[The task] Return exactly the lines of the records below, starting at the line that contains "Closeup of human" and ending at the line that contains "Pink flamingo at", with both of those lines kept.

(Collected data entries)
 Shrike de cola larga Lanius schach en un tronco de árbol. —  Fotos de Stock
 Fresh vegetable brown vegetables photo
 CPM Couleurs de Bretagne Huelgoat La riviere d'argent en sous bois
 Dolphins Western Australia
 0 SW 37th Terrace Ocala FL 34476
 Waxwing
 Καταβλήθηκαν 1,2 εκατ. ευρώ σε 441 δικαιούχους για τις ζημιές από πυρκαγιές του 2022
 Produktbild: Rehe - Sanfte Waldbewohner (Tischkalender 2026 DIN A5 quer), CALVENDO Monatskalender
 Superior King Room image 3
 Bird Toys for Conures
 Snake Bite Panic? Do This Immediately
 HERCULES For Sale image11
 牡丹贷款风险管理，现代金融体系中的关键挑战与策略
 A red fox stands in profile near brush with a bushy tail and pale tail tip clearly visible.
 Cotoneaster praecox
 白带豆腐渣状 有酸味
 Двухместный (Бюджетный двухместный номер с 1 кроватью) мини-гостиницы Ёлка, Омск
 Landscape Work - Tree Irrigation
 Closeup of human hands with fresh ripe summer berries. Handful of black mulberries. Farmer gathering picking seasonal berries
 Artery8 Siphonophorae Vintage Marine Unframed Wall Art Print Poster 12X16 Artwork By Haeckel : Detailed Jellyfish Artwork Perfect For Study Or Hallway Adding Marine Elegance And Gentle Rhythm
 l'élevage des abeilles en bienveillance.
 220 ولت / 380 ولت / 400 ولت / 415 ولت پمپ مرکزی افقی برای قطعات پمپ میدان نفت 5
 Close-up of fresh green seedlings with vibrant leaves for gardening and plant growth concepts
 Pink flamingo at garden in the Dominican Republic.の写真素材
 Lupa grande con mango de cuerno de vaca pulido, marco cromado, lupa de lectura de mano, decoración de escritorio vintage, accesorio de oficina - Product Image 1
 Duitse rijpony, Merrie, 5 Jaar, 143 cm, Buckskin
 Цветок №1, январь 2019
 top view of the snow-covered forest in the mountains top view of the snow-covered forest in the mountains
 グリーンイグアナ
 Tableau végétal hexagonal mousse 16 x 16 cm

[Expected answer]
 Closeup of human hands with fresh ripe summer berries. Handful of black mulberries. Farmer gathering picking seasonal berries
 Artery8 Siphonophorae Vintage Marine Unframed Wall Art Print Poster 12X16 Artwork By Haeckel : Detailed Jellyfish Artwork Perfect For Study Or Hallway Adding Marine Elegance And Gentle Rhythm
 l'élevage des abeilles en bienveillance.
 220 ولت / 380 ولت / 400 ولت / 415 ولت پمپ مرکزی افقی برای قطعات پمپ میدان نفت 5
 Close-up of fresh green seedlings with vibrant leaves for gardening and plant growth concepts
 Pink flamingo at garden in the Dominican Republic.の写真素材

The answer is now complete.